The first interview together was published in the newspaper in which he collaborated.

"Well, that's it, she's out, I also have my sack to carry, Gaby's doesn't concern me".

But Che's owner wanted a book, she wanted her struggle to defend the rights of people with disabilities to access standard education, to push for inclusion in classrooms and not in special institutions, to be known.

He had a hard time writing. On good days he could barely make seven pages. Her hands, her motor, her confidant, her mast to tie herself to in the storms was Florencia, a maid from Oaxaca who she had just met as a child in her house in the Condesa, and she could never separate from her again. This relationship was more powerful than the one she had with her mother. And Elena had said yes to the book, but it was an uncomfortable situation, which required a lot of effort, which distanced her from the literary world where she was flourishing.

Gaby's situation reminded her painfully of her nephew Alejandro, who in an accident in those years had also been left with a profound disability that only allowed him to communicate by touching a paper alphabet with his finger.

Many of her friends advised her not to take this adventure. But -in the prologue she recalls- Gaby's green eyes pursued her. And two years after the first meeting she published a book that is actually a dialogue between two highly sensitive, intelligent women, two hearts in need of leaving a legacy in letters, a game that would give Gaby the possibility of removing that superpower of invisibility.

"Maybe Gaby Brimmer will open the eyes of the able-bodied to the thousands of invalids we push aside because we think they have no conscience. Beyond the wheelchair, there is a strong and intelligent girl, a very cool, relieved, really cute, beautiful in body and soul, do you see her?"

Gaby opened up with Elena, a woman who, with a tender ear, a lot of patience and finally genuine affection, was able to capture in the air the ideas she wanted to say with difficulty and turn them into a book.

And as a good journalist, she knew that there was a big story behind the woman who typeaba with her left foot, in this poetess enclosed in a rigid body and rocked by the love of a lifelong nanny.

That 'sack' that fortunately did not let go, became a successful play that made Gaby, people with cerebral palsy, the deficiencies of the educational system and the lack of empathy of a society that does not accept anything out of the 'normal'.

After the Elena play, Gaby became a speaker in many forums, gave conferences and began to gather a group of people that would help her create her own civil organization (Association for the Rights of People with Motor Disabilities -ADEPAM-) in 1989.

In 1987 this story became a film, the first international breakthrough for Luis Mandoki in Hollywood who cast international actors in an English-language film to take it out of the 'small circuit' and give it now international visibility. Argentina's Norma Aleandro, who shared the leading role with Liv Ullmann and Rachel Chagall, was nominated for an Oscar for Best Supporting Actress.
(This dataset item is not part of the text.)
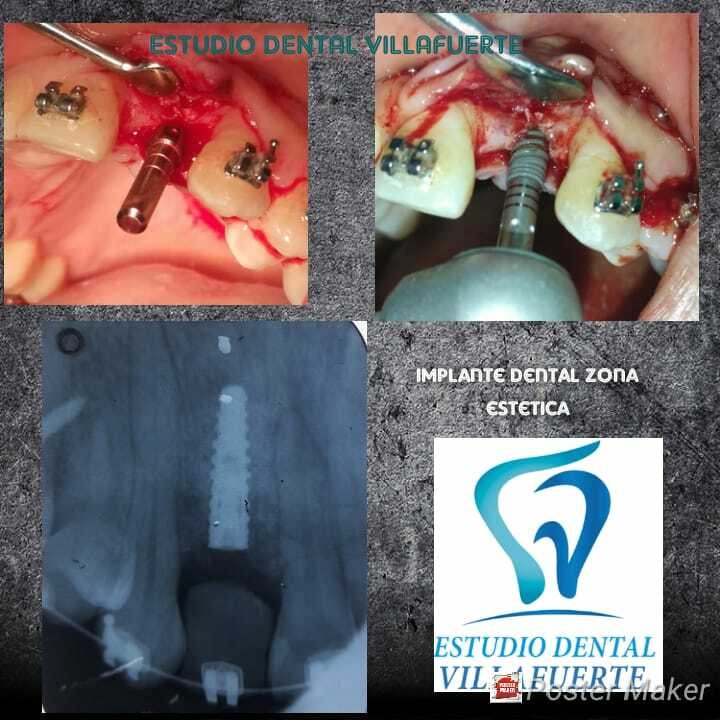 Detalle de un tratamiento de ortodoncia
On May 3, 2019 when with Katia D'Artigues and Agustín de Pavia -a lawyer with cerebral palsy- we launched the portal www.yotambien.mx we invited Elena as godmother. She had 'visibilized' disability exactly 40 years earlier.
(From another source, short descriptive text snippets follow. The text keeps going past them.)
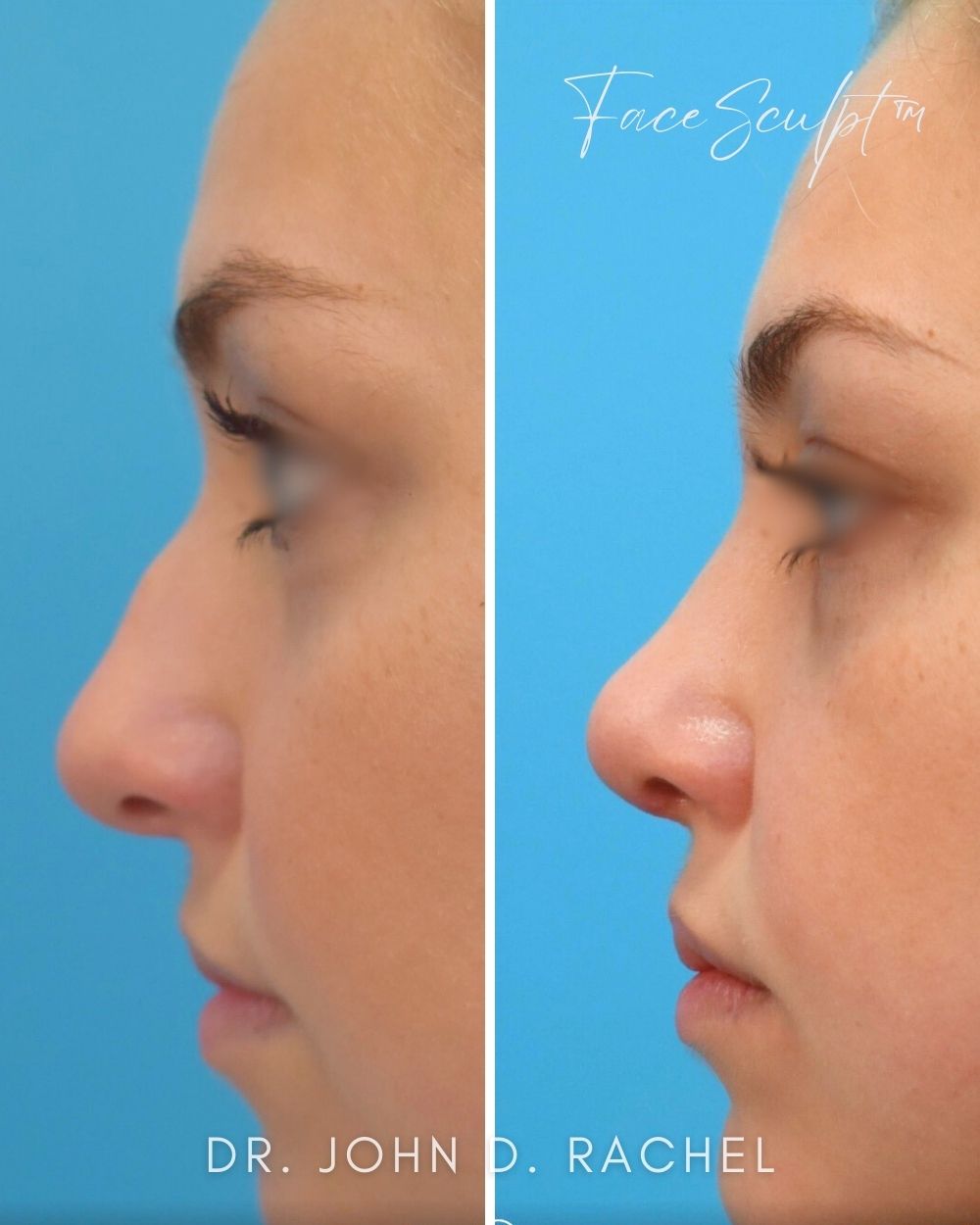 Rhinoplasty before photo 4, case #1029243, Dr. John Rachel, Chicago Breast & Body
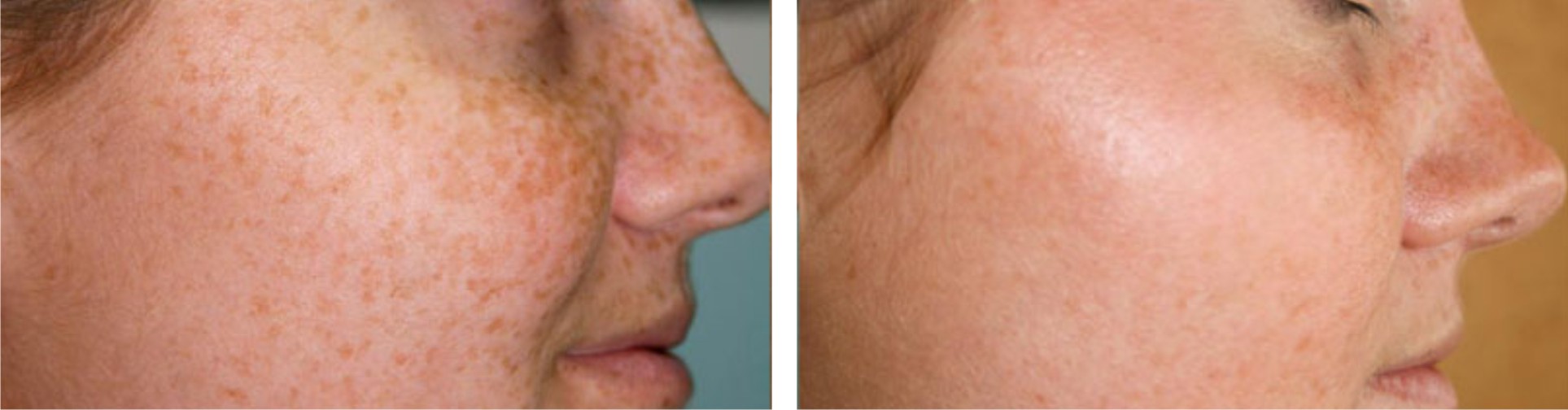 Laser Freckle Removal Image Three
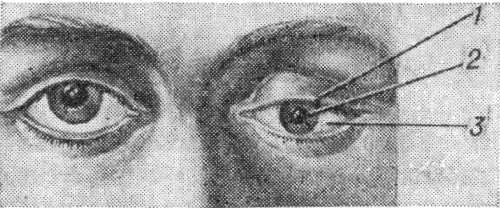 Глаз больного с синдромом Бернара — Горнера (левый глаз); 1 — псевдоптоз; 2— миоз; 3 — энофтальм.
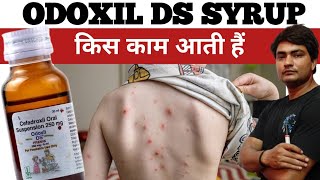 odoxil ds 250 mg syrup uses in hindi  odoxil ds 250 mg syrup uses in hindi  odoxil ds syrup [upl. by Nahsab]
I got a '79 edition of the book on Mercado Libre and took it to the event to get it signed.

I admire her for being so brave in telling this story that might not interest anyone.

As she wrote a dedication in her beautiful, scrawled handwriting, she asked me: "Has the world of people with disabilities changed much since I told Gaby's story? Now they can go to school or college as she dreamed?

It made me sad to return her still innocent look at over eighty years of age with a resounding NO.

I was angry that I could not tell her that the goal had been achieved and that now everyone in people with disabilities was what she saw in Gaby.

I preferred to make a grimace that hid an ojalá.

She, as intelligent as she was sensitive, took me by the hand and said. "Well, then I am the one who admires you".